Finland Swedish has undergone a similar development to mainland Swedish since the 1960s, but more slowly and slightly less radically. In Finland one may have to reckon with influence from the Finnish language, still slightly more conservative. In Finland Swedish, the second-person plural form Ni (noted as formal above) was indeed the traditional respectful address to a single person up to the 1970s or so.

Swedish also has verbs for the addresses: dua 'to say du', and nia 'to say ni'.

=== Romance languages ===
==== Catalan ====
Catalan uses the singular pronouns tu (informal) and vostè (formal), while vosaltres (informal) and vostès (formal) are used for two or more addressees. The form vós, used instead of tu to address someone respectfully, follows the same concordance rules as the French vous (verbs in second-person plural, adjectives in singular), and vostè follows the same concordance rules as the Spanish usted (verbs in third person). Vostè originated from vostra mercè as a calque from Spanish, and replaced the original Catalan form vós.

In some dialects, vós is no longer used in the singular. Other dialects have a three-way distinction tu / vós / vostè, where vós is used as a respectful form for elders and respected friends, and vostè for foreigners and people whom one does not know well. Vostè is more distant than vós.

The Administration uses vós to address people.

==== French ====
In most French-speaking regions (with some exceptions, see North American and Ivorian French below), a rigid T–V distinction is upheld. With regard to the second-person singular, tu is used informally, whereas vous is used to convey formality. The second-person plural is always vous. The formal vous is expected when encountering any unknown adult under normal circumstances. In general, the switch from vous to tu is "negotiated" on a case-by-case basis; it can happen nearly unconsciously, or can be explicitly negotiated. For instance, some couples have been known to call each other vous for some time while dating, and gradually switch to calling each other tu. The verb tutoyer means "address someone with tu-forms, speak informally"; by contrast vouvoyer means "address someone with vous forms". Rigidly sticking to vous can become equally awkward in a long-standing relationship.

In certain circumstances, however, tu is used more broadly. For example, new acquaintances who are conscious of having something socially significant in common (e.g., student status, or the same "rank" in some hierarchy) often use tu more or less immediately. In some cases, there may be an explicitly defined practice in a particular company, political party, as to the use of tu and vous. Also, using the vous in conjunction with someone's given name is rather current in France as a less formal way of addressing someone, e.g. at work, among members of an association etc. Children and adolescents generally use tu to speak with someone of their own age, whether known or not. Tu can also be used to show disrespect to a stranger, such as when surprising a thief or cursing other drivers on the road.

Vous may be used to distance oneself from a person with whom one does not want to interact.
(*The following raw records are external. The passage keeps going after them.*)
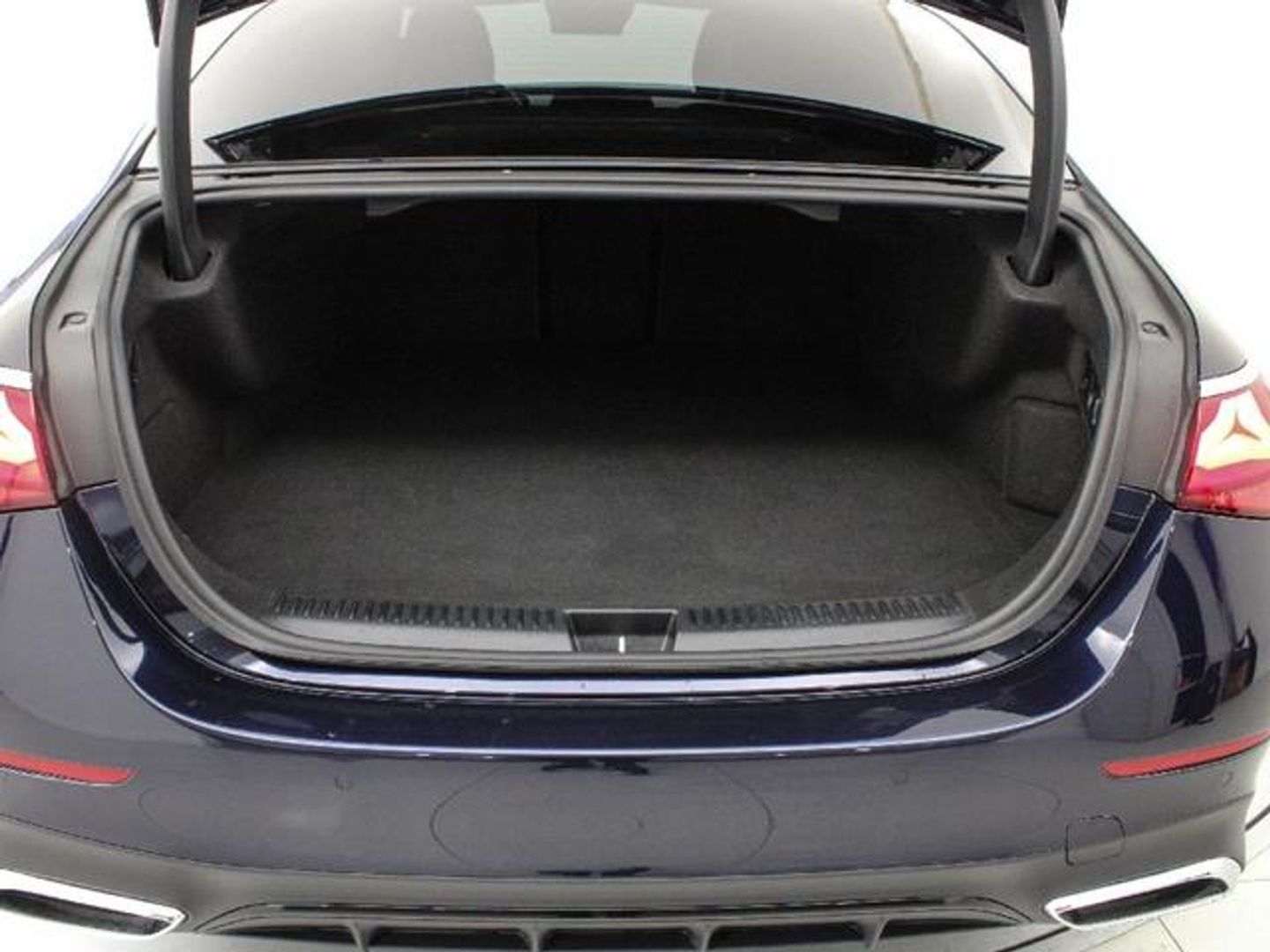Mercedes-Benz Clase E 300 e 230 kW (313 CV)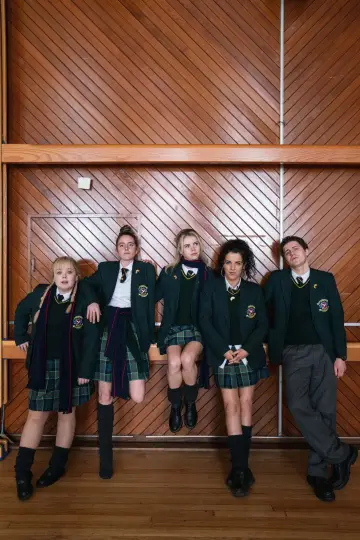 Poster к сериалу "Derry Girls" #1428103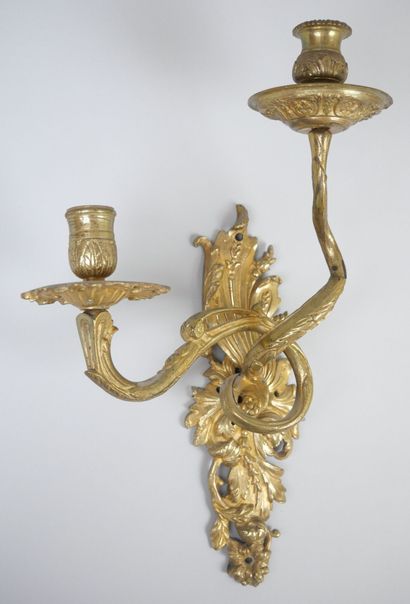 null Wall lamp with two arms of light in gold varnished bronze.

Regency style, old...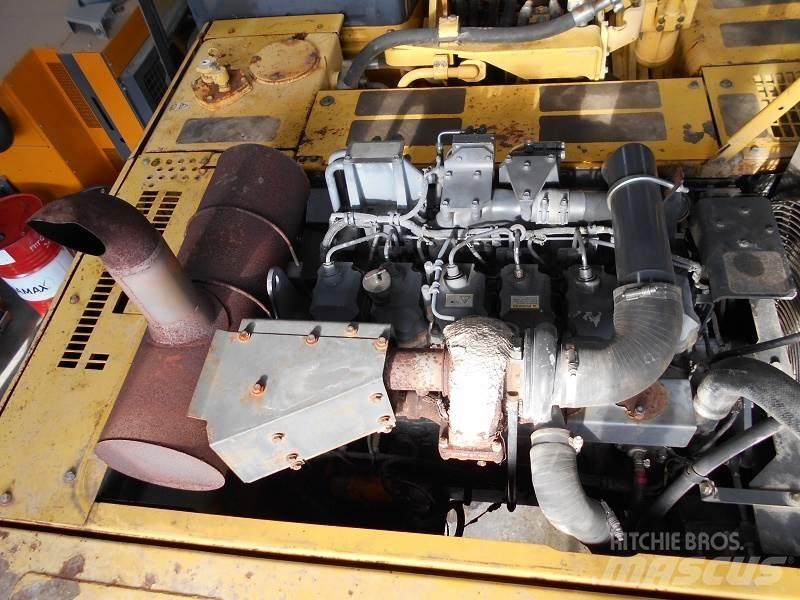 Komatsu PC450LC-7K Bandgrävare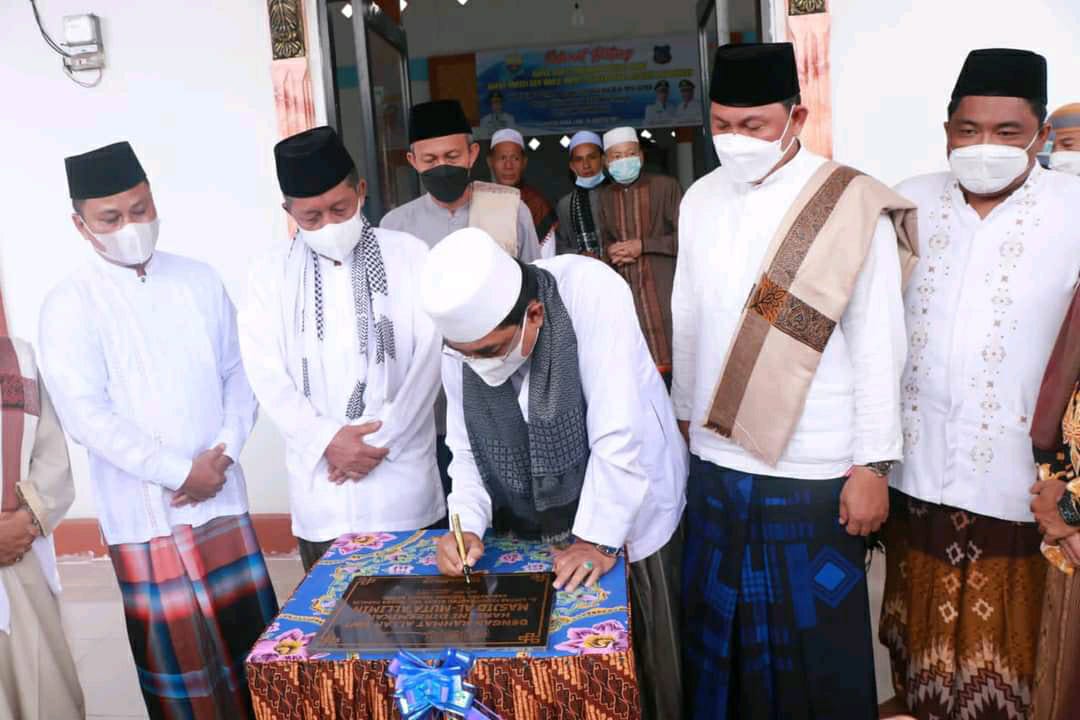 AL- MUTA'ALLIMIN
Additionally, two people who use tu in their private interactions may consciously switch back to vous in public in order to act appropriately in a formal or professional environment, to play the part in an artificially constructed situation (such as between co-hosts of a television show), or simply to conceal the nature of their relationship from others.

In families, vous was traditionally used to address older family members. Children were taught to use vous to address their parents, and vous was used until about 1950 between spouses of the higher classes. Former president Jacques Chirac and his wife Bernadette served as a prominent example of the continuation of this usage.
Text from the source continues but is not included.